Und noch etwas hat einen neuen Höchststand erreicht: In diesem Jahr zahlen deutsche Aktienunternehmen 70 Milliarden Euro Dividenden aus. So viel wie noch nie zuvor.
Vor dem, was wir Armut nennen, kommt die Angst. Die Angst ist schon da, wenn ich meinen Strom oder meine Heizung nicht mehr bezahlen kann. In vielen Gesprächen kriege ich mit, dass mittlerweile viele Menschen Angst haben. Gerade auch junge Leute. Sie glauben nicht mehr, dass sie eine gute Zukunft haben werden.
Erst Corona, dann der Krieg, jetzt die inflationären Preissteigerungen und drohenden Versorgungsunsicherheiten. Es hat sich herumgesprochen, dass die Verlierer dieser Entwicklung die Armen sind. Weltweit. Es hat sich interessanterweise noch nicht herumgesprochen, wer von dieser Entwicklung profitiert. Sie fällt nicht vom Himmel. Im Gegenteil. Milliardäre haben ihr Vermögen asozial in den letzten zwei Jahren um 60 % gesteigert. Eine weitgehende Spaltung unserer Gesellschaft zeichnet sich längst ab.
Apropos „Himmel“: Es gibt viele Geschichten im Alten und Neuen Testament, die eine solch krasse Spaltung von Reichtum und Armut verurteilen.
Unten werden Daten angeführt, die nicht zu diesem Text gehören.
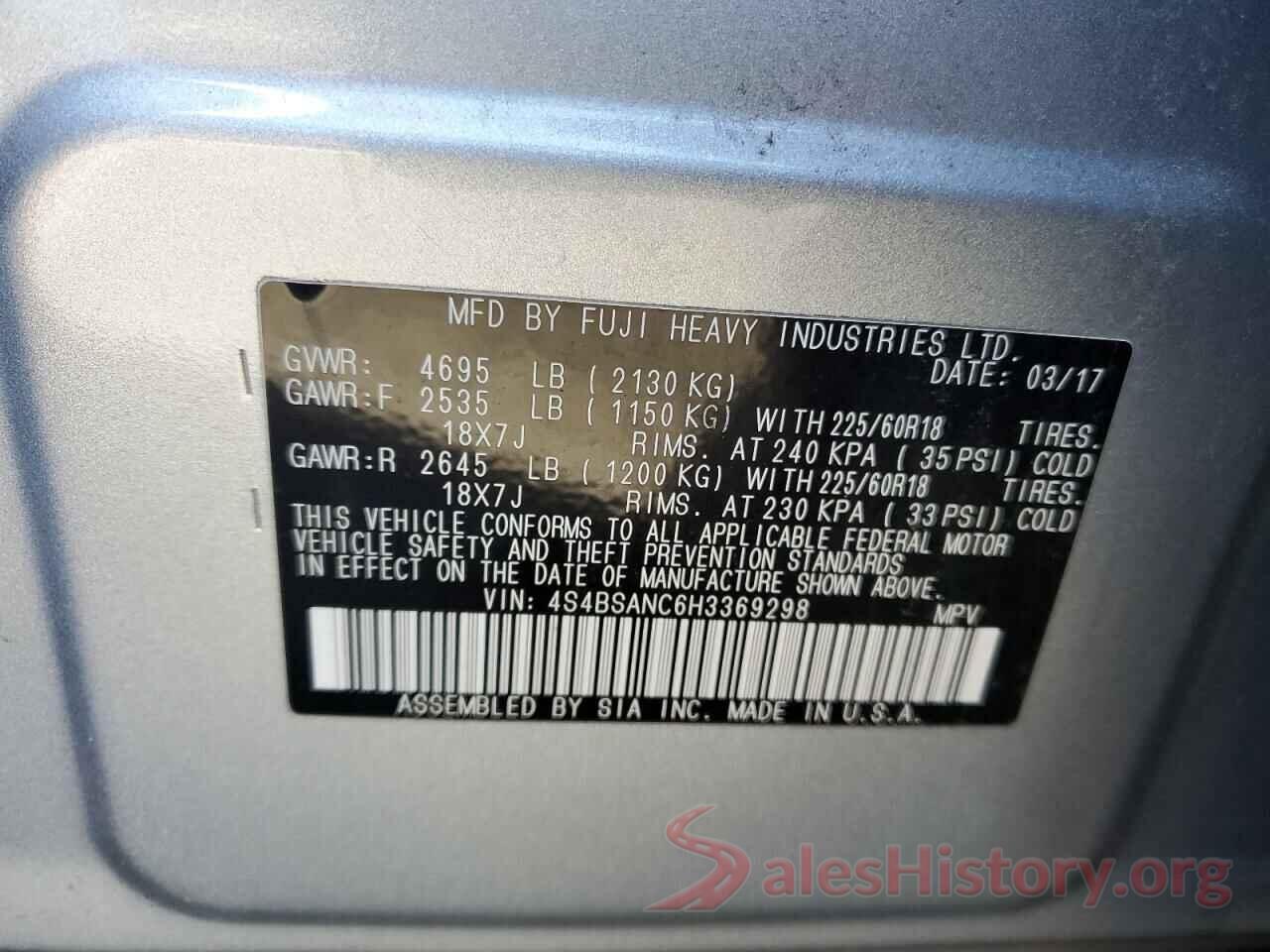 4S4BSANC6H3369298 2017 SUBARU OUTBACK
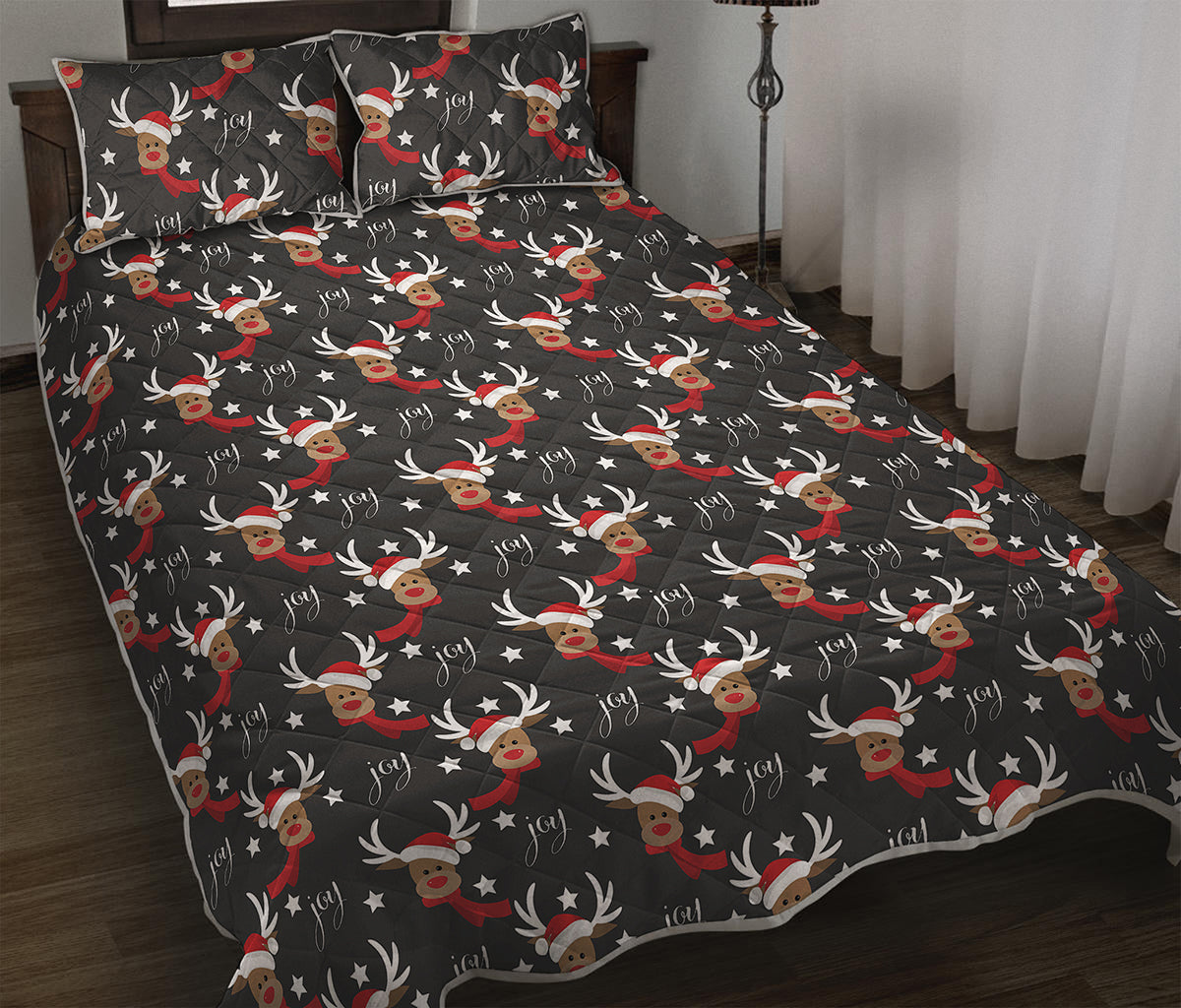 Santa Claus Deer Pattern Print Quilt Bed Set
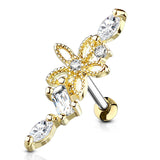 Flower Vine CZ Top Ear Cartilage Daith Helix Tragus Barbell Stud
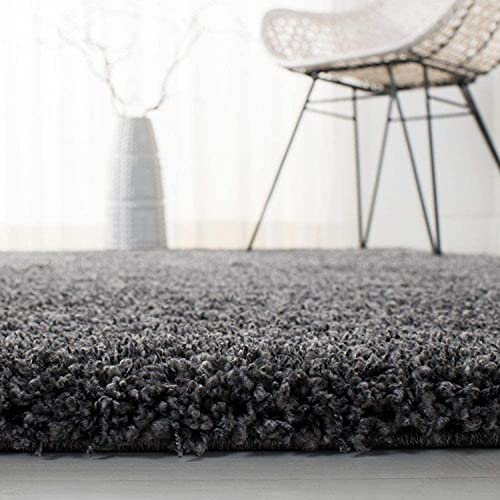 Image of CD Carpet Anti Slip Shaggy Fluffy Fur Rugs and Carpet for Living Room Bedroom Kids Room Plain Circle Carpets for Home with 2 Inch Thickness (Color Dark Grey Size 3x3 Feet Round)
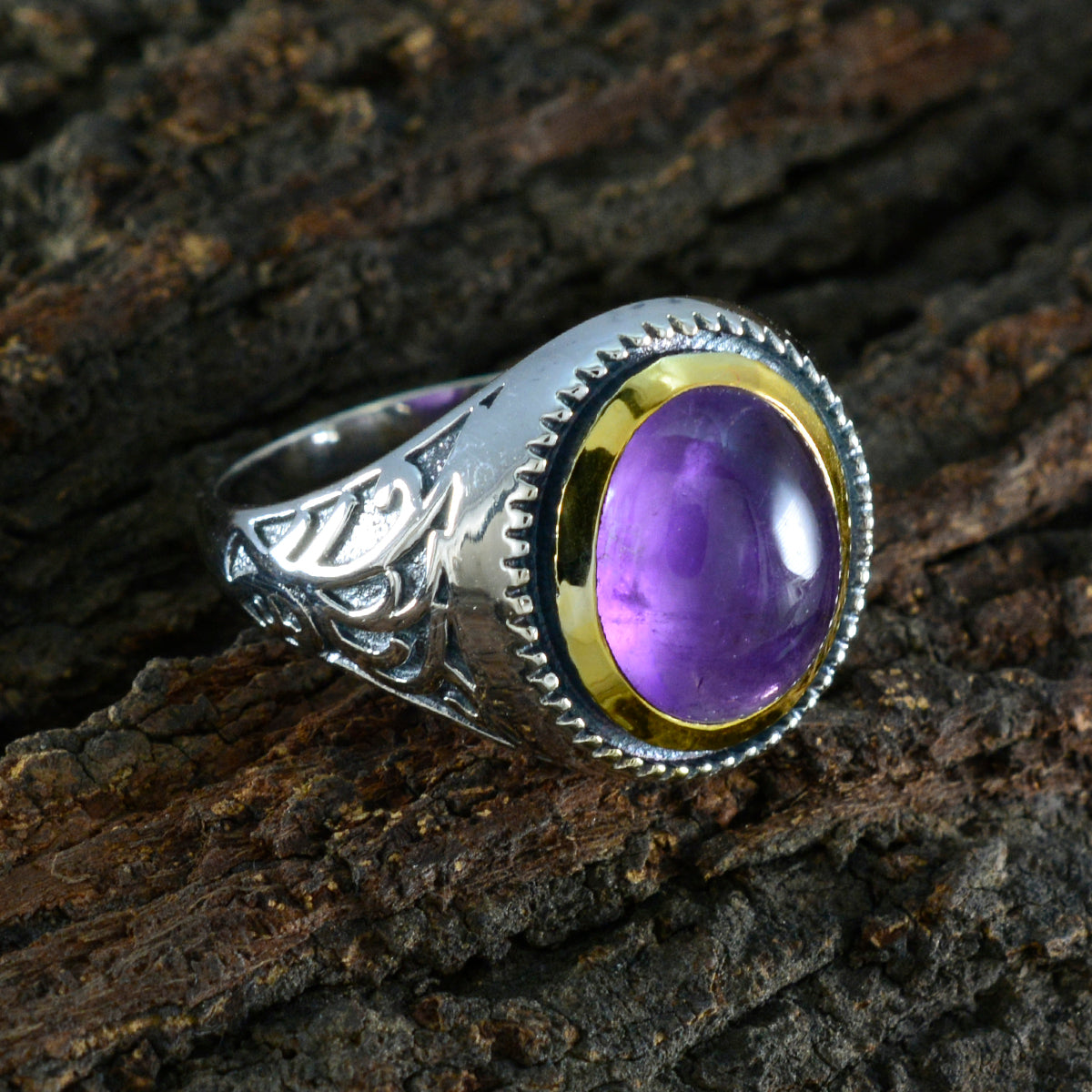 Amethyst Solitaire Middle Eastern Silver Purple Gems Eye catching Filigree Ring Jewelry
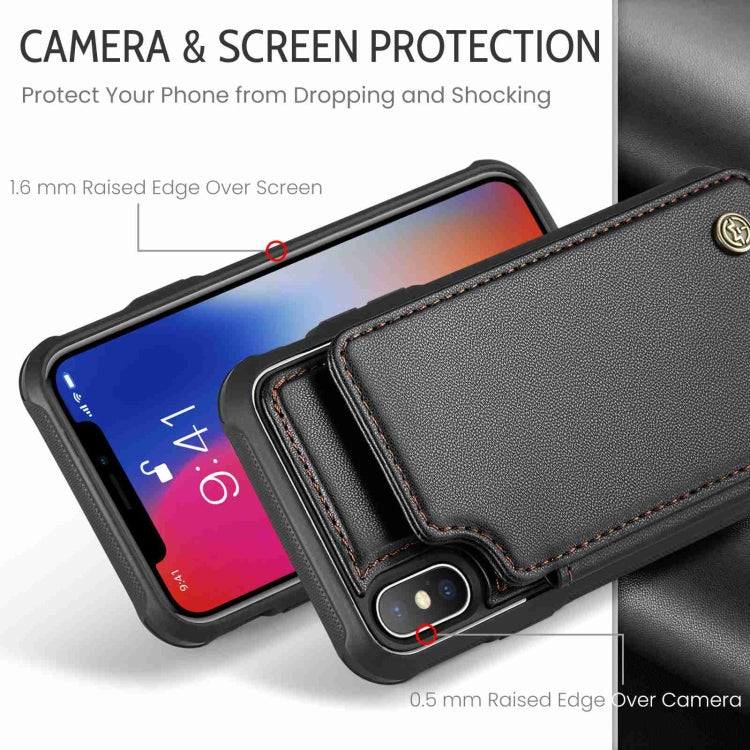 For iPhone XS / X CaseMe C22 Card Slots Holder RFID Anti-theft Phone Case(Black) - free shipping - PMC Jewellery - Order now!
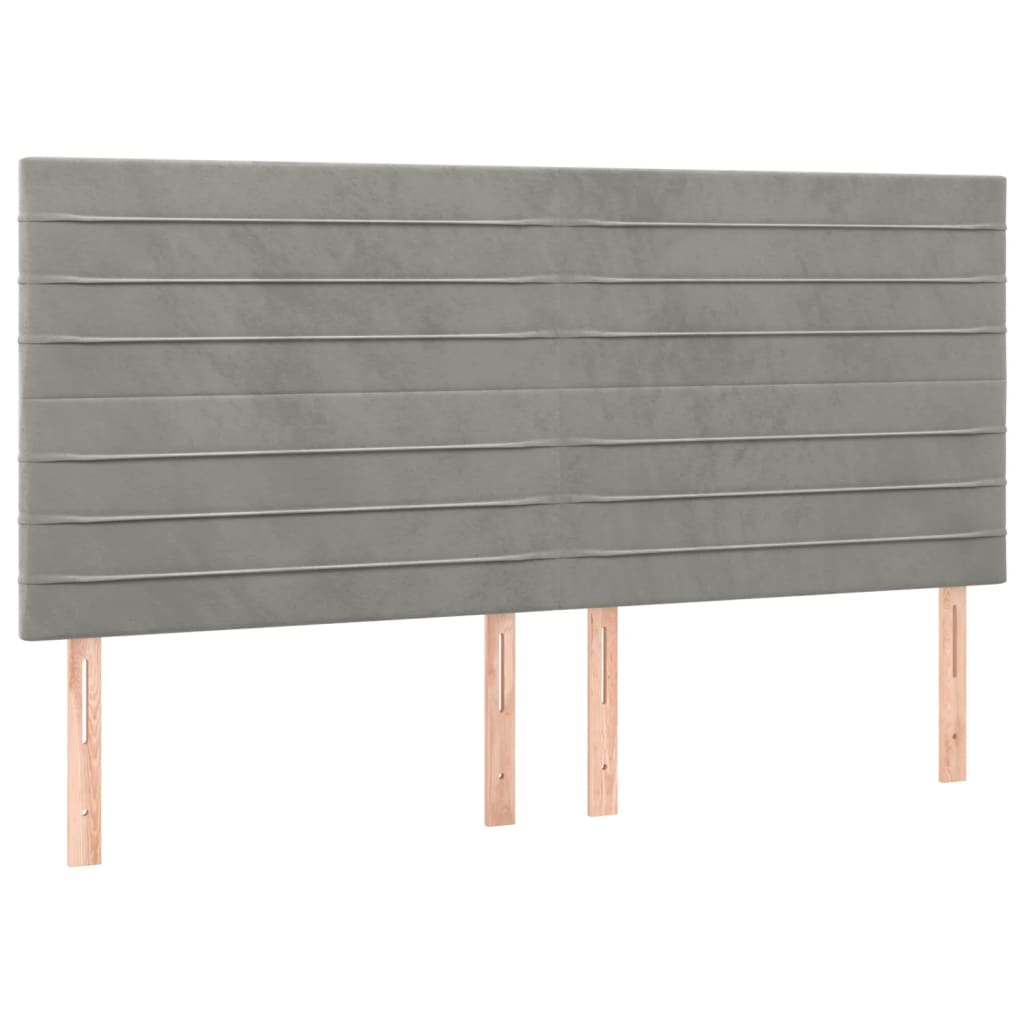 sengegavl lysegrå 180x5x118/128 cm fløjl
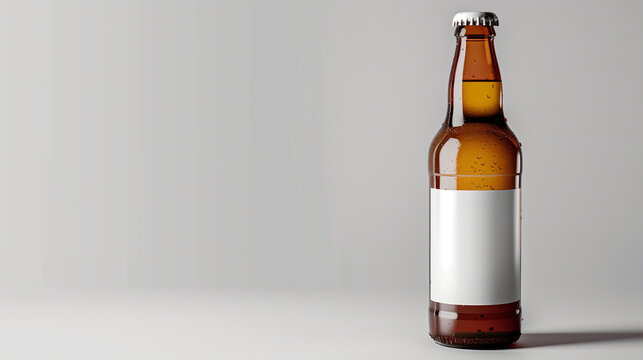 Garrafa de cerveja sobre a mesa em um fundo claro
Dabei schlägt z.B. Jesus, der Nazarener ein innovatives System vor, das sich nicht an der individuellen Selbstverwirklichung orientiert, sondern daran, was wir Menschen zum Leben brauchen. Nach 2000 Jahren sind wir aber noch lange nicht so weit. Im Moment wird uns vorgeschlagen, kalt zu duschen, um Energie zu sparen. Zugleich brettern SUVs mit 200 Stundenkilometern über deutsche Autobahnen, während alle Nachbarländer längst Tempolimits eingeführt haben. Übrigens meinen die wenigen Menschen in meinem Umfeld, die richtig Geld haben, dass sie eine andere Besteuerung zum Wohl unserer Gesellschaft überfällig finden. Sie fahren interessanterweise keine SUVs.
Es ist absehbar, dass die Schlangen vor den Ausgabestellen der Tafeln in nächster Zeit noch länger werden. Die Reaktionszeit „Not-wendiger“ politischer Entscheidungen muss sich dagegen ganz bald verkürzen. Am besten ab heute.